I record by choosing a stereo track in audacity and using my Motu AudioExpress with the mic in input 1 and my guitar in input 2. I’ll do a song both playing and singing because I like the feel and sound as if I’m playing live… And I find it easier with timing to do that as opposed to singing over a guitar track. I know in studio they typically record both individually and then mix them into one. The vocals will go to Left and the guitar will go to Right speakers on playback. It has great sound but to me that’s not really stereo. Is there a way to have both the vocals and guitar play back in both left and right speakers with out recording each separately? Thanks!
FYI - A true-mono file will play from both speakers. Or, you can have a “dual mono” file with identical left & right channels.
There’s more than one way to do that but probably the easiest way to do it is to click the little drop-down arrow to the left of the waveform and select Split Stereo To Mono. When you export you’ll get a true-mono file with the audio from both tracks.
There are also ways of panning each track nearly to the center which might give you some “stereo feel” without sounding too weird.
It has great sound but to me that’s not really stereo.
I’d call it stereo but it’s not realistic stereo… There are some early stereo Beatles songs with all of the vocals on one side, drums on the other, and nothing in the “center”.
In a “perfect world”, I’d record your voice & guitar separately and double-track the guitar. (Play and record the guitar twice). Then put your vocal in the center (identical in both channels) with one guitar on the left and the other on the right. (Perhaps not hard-panned, but mostly to the left & right).
You can actually almost do that if you can play the guitar with more than once with “close” timing… You can play & sing at the same time without a mic on the guitar, or by killing/reducing the guitar track after recording… You’ll get some leakage, but that’s OK… It’s probably good… Then record the guitar two more times (so you’d actually be triple-tracking the guitar).
It gets stickier than that because you can’t have a vocal microphone in the same room with an acoustic guitar. There will always be cross leakage, and once you have a cross like that, your production options drop way down.
So ideally you would send your electric guitar to be recorded without your hearing it, or only hearing it with headphones.
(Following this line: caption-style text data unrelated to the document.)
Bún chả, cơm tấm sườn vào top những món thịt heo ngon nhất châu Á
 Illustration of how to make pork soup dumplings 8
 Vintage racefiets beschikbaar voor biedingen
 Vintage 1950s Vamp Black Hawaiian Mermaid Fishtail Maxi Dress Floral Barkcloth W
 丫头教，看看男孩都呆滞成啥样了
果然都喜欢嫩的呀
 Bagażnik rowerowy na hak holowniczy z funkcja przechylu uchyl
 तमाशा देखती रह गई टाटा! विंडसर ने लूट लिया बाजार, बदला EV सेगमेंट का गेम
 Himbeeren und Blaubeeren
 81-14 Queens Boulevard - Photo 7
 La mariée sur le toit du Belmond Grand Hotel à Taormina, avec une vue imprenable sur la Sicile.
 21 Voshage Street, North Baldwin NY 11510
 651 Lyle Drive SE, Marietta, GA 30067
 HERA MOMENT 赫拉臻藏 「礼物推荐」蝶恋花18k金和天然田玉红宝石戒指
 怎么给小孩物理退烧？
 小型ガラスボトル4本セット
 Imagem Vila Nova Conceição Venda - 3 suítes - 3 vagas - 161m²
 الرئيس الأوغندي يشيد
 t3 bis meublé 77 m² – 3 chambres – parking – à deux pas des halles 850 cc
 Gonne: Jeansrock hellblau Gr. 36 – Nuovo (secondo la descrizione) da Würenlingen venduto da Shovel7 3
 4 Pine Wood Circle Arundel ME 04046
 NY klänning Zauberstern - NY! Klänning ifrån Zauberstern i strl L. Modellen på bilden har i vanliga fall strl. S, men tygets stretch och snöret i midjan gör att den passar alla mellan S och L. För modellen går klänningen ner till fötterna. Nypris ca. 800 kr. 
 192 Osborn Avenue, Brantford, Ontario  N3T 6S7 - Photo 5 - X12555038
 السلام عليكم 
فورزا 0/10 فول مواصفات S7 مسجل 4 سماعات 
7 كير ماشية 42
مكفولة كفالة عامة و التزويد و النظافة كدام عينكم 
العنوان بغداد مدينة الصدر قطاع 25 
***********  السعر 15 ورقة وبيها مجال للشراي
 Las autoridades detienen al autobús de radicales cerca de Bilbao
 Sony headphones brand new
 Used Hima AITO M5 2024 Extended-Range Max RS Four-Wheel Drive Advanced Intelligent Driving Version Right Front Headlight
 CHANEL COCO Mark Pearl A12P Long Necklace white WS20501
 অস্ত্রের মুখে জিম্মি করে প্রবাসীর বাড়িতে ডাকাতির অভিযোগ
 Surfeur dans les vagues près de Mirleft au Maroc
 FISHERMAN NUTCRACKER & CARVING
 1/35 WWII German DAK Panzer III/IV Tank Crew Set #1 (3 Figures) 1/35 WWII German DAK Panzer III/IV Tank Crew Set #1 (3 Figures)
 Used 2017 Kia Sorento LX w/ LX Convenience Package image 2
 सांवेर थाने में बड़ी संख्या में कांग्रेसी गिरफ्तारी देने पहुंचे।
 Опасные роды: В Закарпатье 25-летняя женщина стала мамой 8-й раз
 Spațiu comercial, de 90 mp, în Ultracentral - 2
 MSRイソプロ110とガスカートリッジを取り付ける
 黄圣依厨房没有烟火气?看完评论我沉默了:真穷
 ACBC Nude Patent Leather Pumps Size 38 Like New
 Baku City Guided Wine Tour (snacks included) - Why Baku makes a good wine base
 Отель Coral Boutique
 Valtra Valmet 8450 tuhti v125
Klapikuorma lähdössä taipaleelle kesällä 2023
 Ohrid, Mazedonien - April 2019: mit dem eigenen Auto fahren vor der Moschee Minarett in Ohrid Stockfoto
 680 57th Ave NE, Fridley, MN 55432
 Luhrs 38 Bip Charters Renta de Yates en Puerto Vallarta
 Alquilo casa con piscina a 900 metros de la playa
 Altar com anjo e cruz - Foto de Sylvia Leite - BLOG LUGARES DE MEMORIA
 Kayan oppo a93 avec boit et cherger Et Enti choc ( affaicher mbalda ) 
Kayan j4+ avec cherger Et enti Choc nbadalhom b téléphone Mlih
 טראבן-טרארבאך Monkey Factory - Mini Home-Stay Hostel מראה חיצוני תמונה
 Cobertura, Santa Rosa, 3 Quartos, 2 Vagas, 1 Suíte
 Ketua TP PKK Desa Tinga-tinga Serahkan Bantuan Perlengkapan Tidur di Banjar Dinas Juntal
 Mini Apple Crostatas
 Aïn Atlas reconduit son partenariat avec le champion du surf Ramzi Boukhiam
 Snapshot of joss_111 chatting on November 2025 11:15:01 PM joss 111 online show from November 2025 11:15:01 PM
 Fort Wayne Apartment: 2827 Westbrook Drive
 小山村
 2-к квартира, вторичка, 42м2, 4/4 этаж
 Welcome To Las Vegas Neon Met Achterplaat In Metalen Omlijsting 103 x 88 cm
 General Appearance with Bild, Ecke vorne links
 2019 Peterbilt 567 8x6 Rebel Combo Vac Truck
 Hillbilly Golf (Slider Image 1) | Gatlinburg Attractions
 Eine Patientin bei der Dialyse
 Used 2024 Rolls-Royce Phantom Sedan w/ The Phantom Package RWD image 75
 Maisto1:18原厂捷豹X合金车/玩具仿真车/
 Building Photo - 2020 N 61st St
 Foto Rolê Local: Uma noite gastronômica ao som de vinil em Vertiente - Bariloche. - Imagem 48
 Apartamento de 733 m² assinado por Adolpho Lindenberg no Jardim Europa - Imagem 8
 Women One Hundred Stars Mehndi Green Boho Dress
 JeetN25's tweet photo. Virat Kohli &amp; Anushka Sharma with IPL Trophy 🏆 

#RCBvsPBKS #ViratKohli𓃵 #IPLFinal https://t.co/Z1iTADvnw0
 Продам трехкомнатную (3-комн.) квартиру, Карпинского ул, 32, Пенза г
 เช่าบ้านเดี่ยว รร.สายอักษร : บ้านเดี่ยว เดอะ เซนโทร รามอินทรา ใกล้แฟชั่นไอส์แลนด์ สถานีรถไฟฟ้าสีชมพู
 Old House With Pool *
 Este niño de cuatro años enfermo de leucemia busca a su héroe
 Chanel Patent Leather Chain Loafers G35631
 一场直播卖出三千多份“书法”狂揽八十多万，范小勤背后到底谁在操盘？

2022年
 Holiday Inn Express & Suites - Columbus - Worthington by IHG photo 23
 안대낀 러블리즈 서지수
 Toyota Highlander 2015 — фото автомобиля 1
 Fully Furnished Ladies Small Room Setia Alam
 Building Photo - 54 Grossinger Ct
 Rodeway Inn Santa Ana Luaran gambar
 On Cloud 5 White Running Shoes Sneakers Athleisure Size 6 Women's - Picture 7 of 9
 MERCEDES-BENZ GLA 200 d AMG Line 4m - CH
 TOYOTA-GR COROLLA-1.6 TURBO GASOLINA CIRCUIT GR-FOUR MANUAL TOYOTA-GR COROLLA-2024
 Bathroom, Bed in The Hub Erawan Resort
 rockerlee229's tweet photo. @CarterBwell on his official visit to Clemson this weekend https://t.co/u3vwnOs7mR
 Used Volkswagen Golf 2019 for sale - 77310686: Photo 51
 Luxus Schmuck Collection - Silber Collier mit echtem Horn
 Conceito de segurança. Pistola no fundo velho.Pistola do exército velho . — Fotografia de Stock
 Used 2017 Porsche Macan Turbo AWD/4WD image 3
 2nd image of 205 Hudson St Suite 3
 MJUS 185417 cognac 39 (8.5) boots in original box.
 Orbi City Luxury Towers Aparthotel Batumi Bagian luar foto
Record the voice naturally. Yes, it is awkward.
This is where overdubbing naturally pops up. create a click track, play that back into your headphones while you play and then play both back while you sing or play more. Properly set up, Audacity will give you clean individual tracks for every layer. Special effect your brains out, or play more.
Nobody said you can’t record a composite and then sing and play to the composite if that’s more comfortable. The backing track can be anything.
These two were doing this on physical tape There’s a picture of the machines in that clip. There’s only two people in that recording. Les Paul is the father of overdubbing.
I’m surprised nobody mentioned echo and reverb. That’s the classic way of turning flat mono into [[[[[[Dimentional Stereo]]]]]]]. If you do it just right, you can be playing Disney Hall instead of in your garage.
I’ve never converted a performance, but I understand you split the mono into two monos, assign them Left and Right and apply different reverb to each. Others may post. That’s what a venue would be doing in real life. Do it in threes so you can have good control of the center channel. The main performer is almost always in the middle.
I have a friend about two miles away that has a “live” living room with a high ceiling. It’s amazing. I think they have no idea what they have.
“How about I buy the pizza and you leave me alone in there for a couple of hours with a microphone.”
Koz & Doug - really appreciate all the input! You gave me a lot to think about and work on and this is exactly what I was looking for.